These decoders in DC/analog mode do not move the engine until approx. 8 volts is on the rails. This allows the decoder to 'start up' and turn on lights and sound plus preheat the smoke element which must be tied to a low voltage.
Many sound files have a start up sequence which sounds like the real thing, diesels rev up and blow smoke before idling.

PS, I do have the phoenix programmer and configure sounds. My digital systems are both types of MTS (I, II, II with parallel) and the computer interface.
My now preferred system is the DCC Zimo and I work with Axel at Train-li installing decoders and repairing engines.


----------



## East Broad Top (Dec 29, 2007)

What you're doing, then, is actually converting the loco to full DCC, and programming the decoder to be analog-DC compatible as opposed to "stop on DC" or other configuration. That'll work, you just need access to a DCC system to program the decoder. 

One caveat--you need to take into consideration the kind of analog track power you're using. If you're using pulse-width-modulation, is the decoder going to recognize that as analog DC, or are you going to have to add a filter to the throttle output? 

Are there specific decoders you might recommend?

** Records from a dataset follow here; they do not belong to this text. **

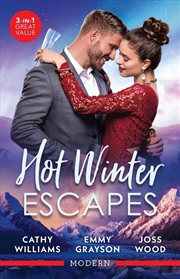 Buy Hot Winter Escapes/Bound By Her Baby Revelation/An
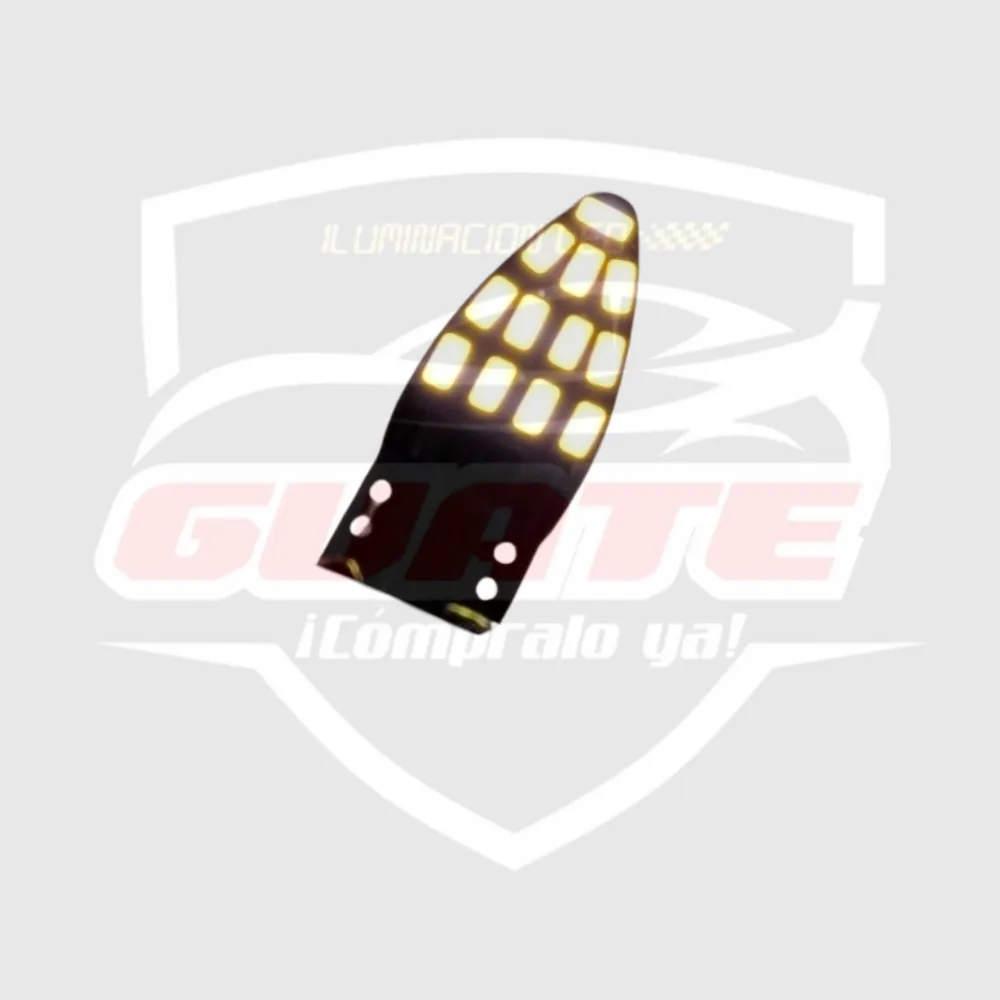 T10 24 LED BLANCAS  4
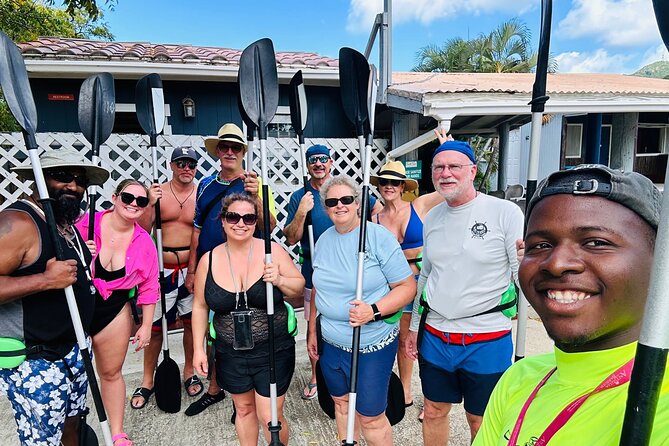 SoCoHo Eco Half Day - Mangrove Kayak & Reef Snorkeling - What to pack and how to have an easy day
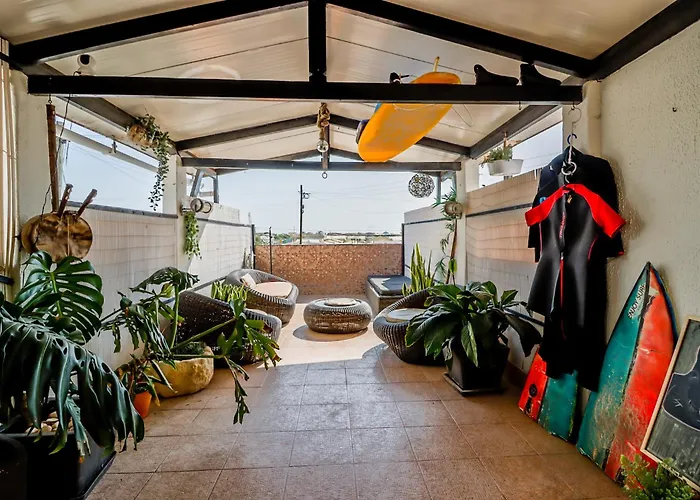 Saude Beach House
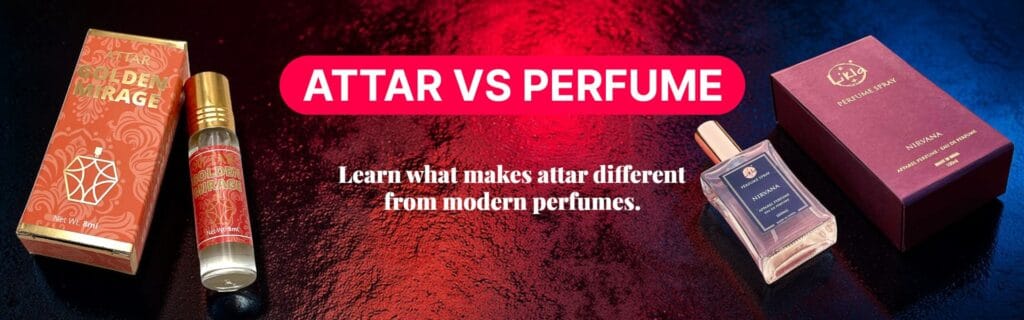attar vs perfume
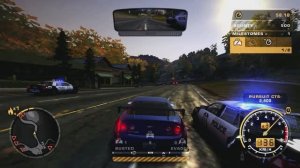 Need for Speed MW 2005 (PC) (SP) SONNY - ReduX 2021 (play-1)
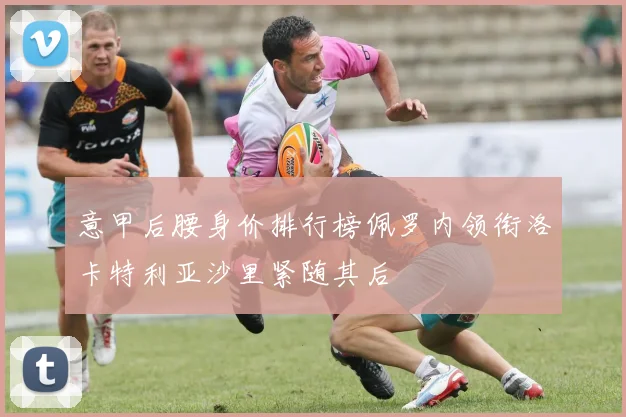 意甲后腰身价排行榜佩罗内领衔洛卡特利亚沙里紧随其后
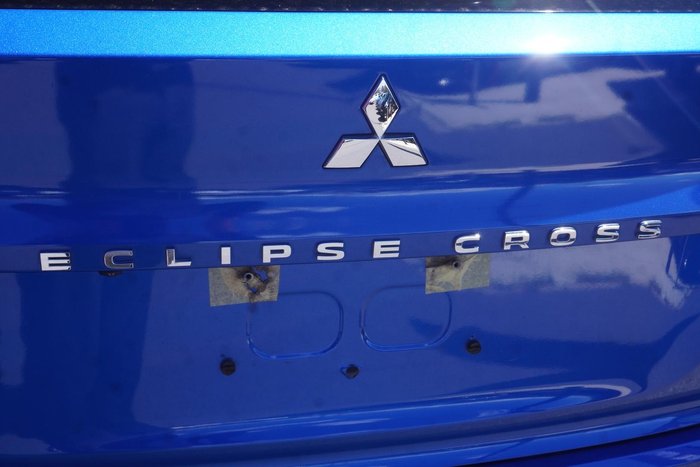 2021 Mitsubishi Eclipse Cross LS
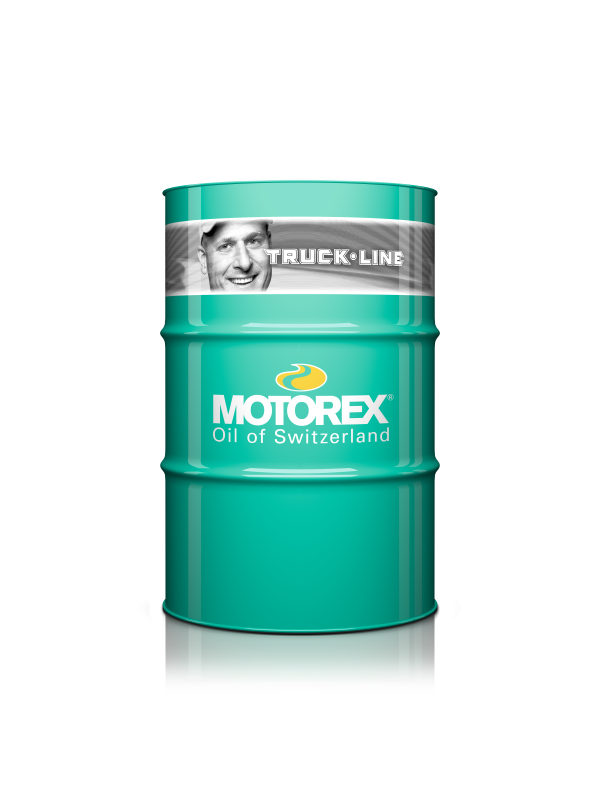 MOTOREX Моторное масло Universal 10W40 E5/E7 п/синт.60л MOTOREX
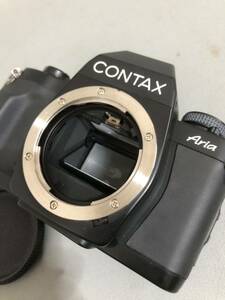 k488 contax Aria コンタックス デジタルカメラ レンズ　フィルムカメラ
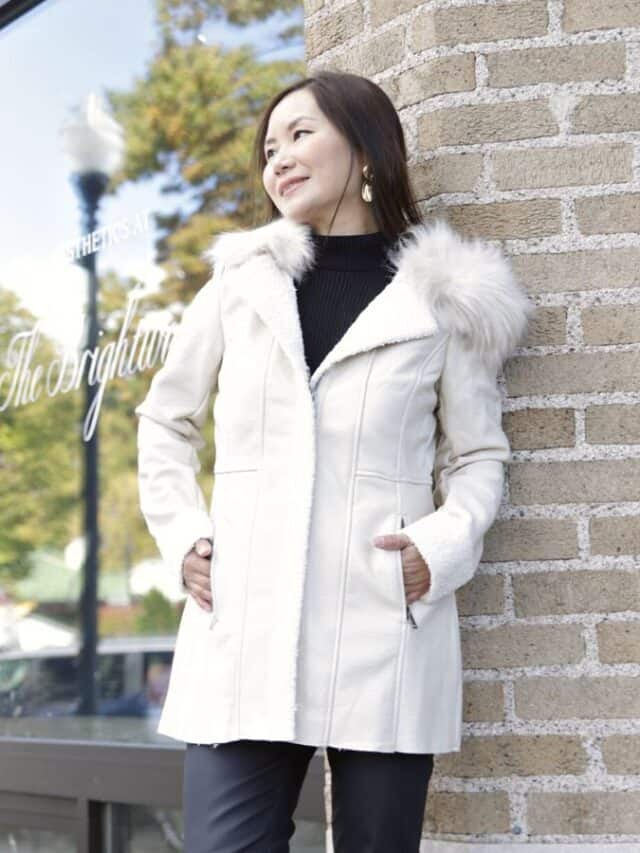 I’m 5’2, here’s the 11 best winter coats for short women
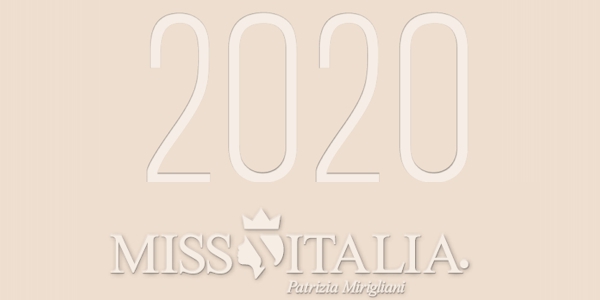 DOMANI L'USCITA DEL LIBRO CALENDARIO 2020 DI MISS ITALIA
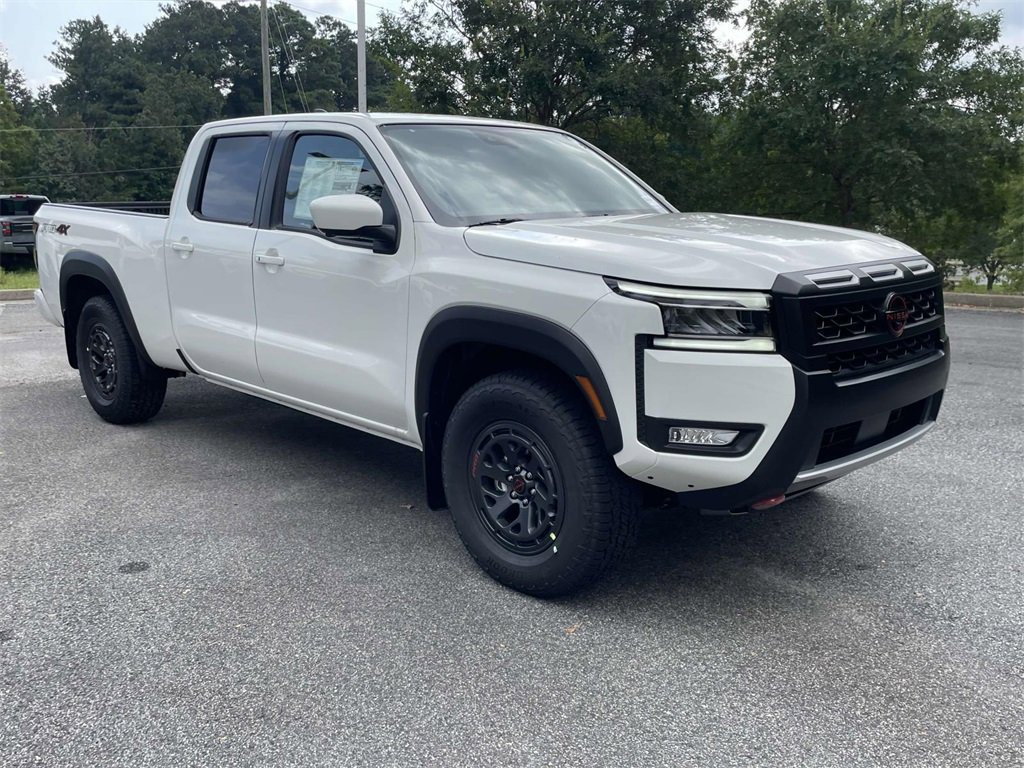 New 2025 Nissan Frontier PRO-4X w/ Pro Premium Package image 5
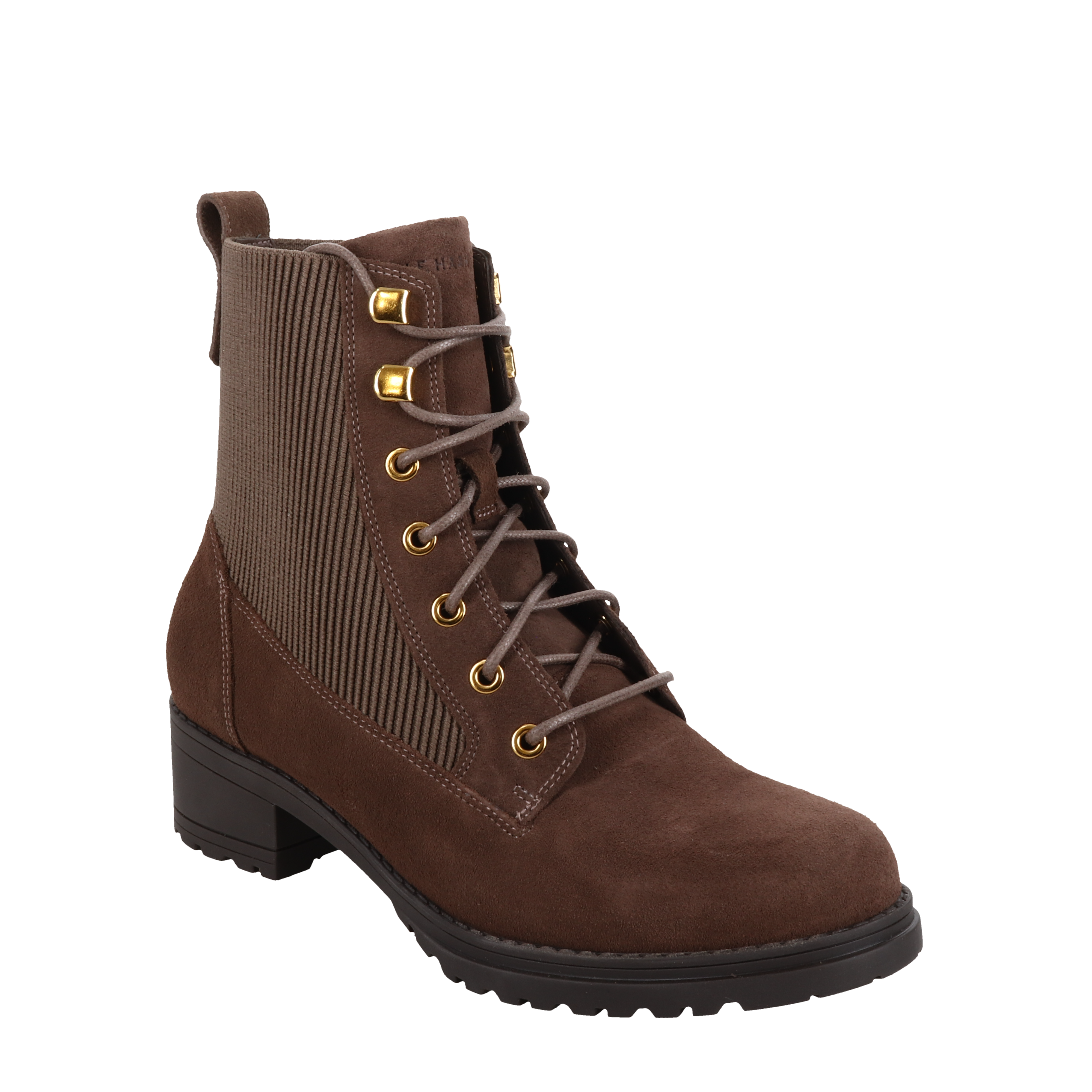 Women's Waterproof Combat Boots - CAMEA Combat II WP - Durable & Stylish Hiking, Outdoor & Work Boots for Women - Perfect for Hiking, Camping & Winter Wear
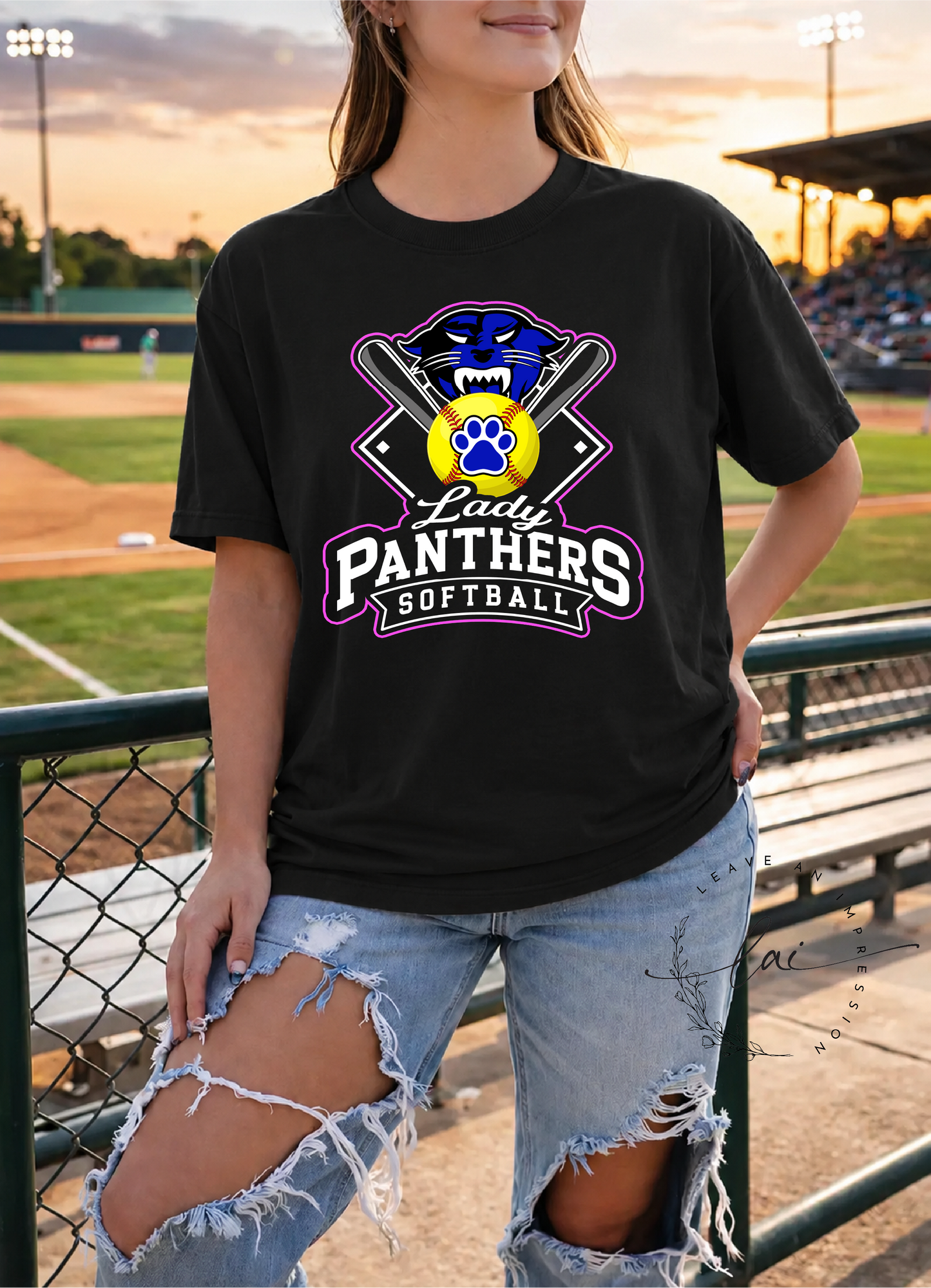 Mulberry Lady Panther Softball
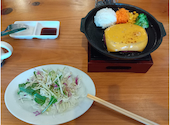 とろけるハンバーグ 福よし 相模原本店: paeriさんの2026年06月27日の1枚目の投稿写真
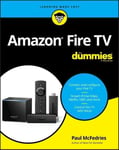 For Dummies Paul McFedries Amazon Fire TV for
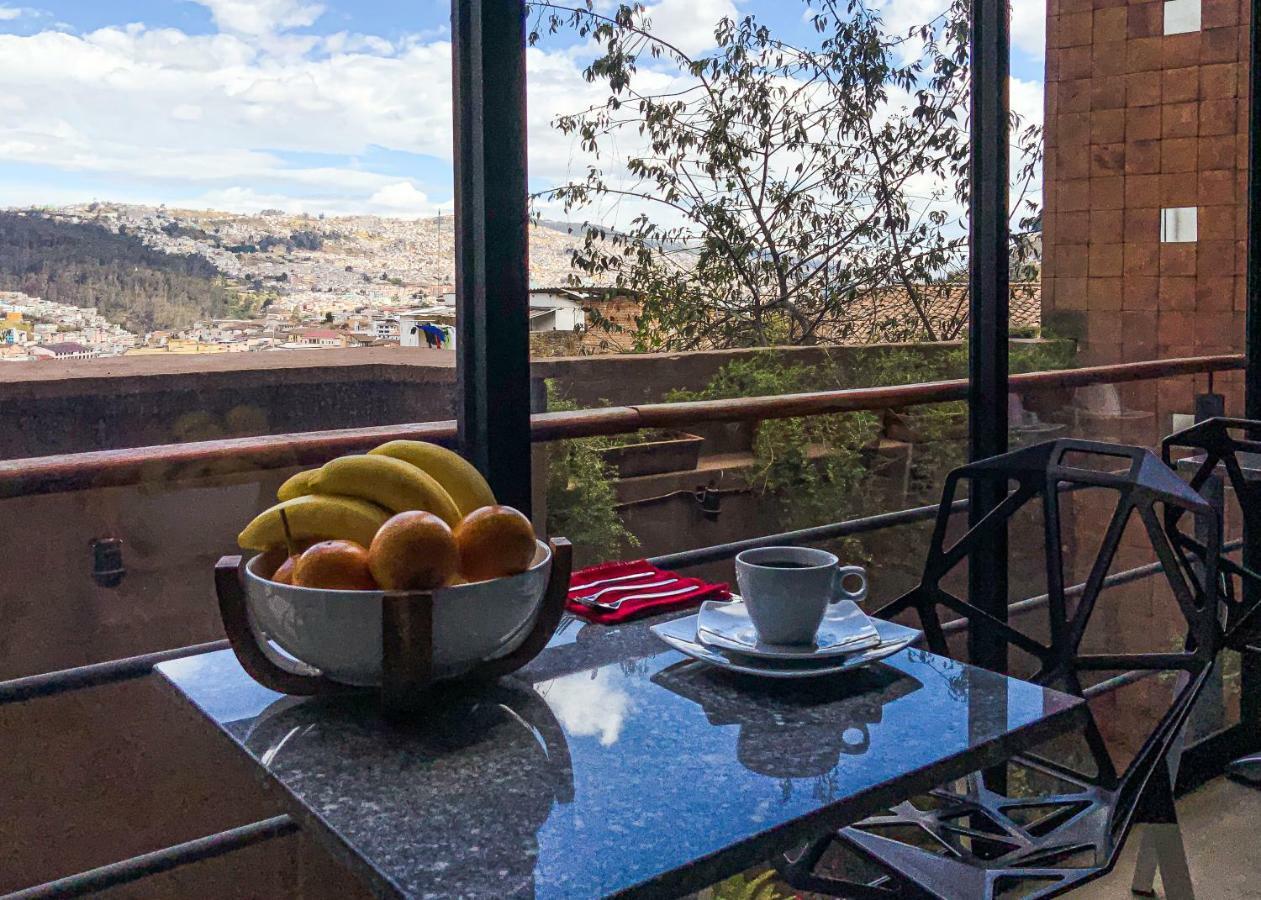 Hotel Casa Gardenia Кіто Екстер'єр фото
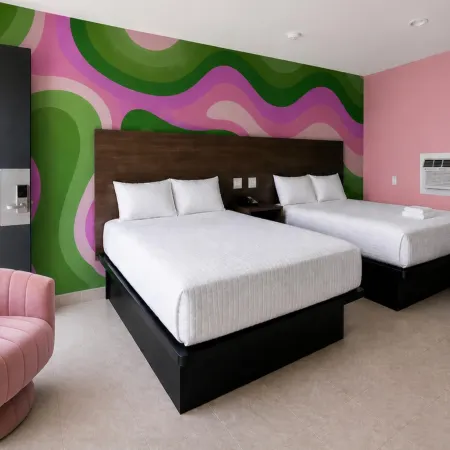 The Blu - Room 13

I'd be looking for externally triggered bell and whistle via track magnets or similar (not real time), cam-synchronized chuff, and smoke synced to that same chuff. 

Later,

K


----------



## Dan Pierce (Jan 2, 2008)

I will have to confirm the use of pulsed controlled DC on the zimo decoder.
These do work on the Train-li key fob system. I will have to try my 27mhz Aristo system.\ set to non-linear.


----------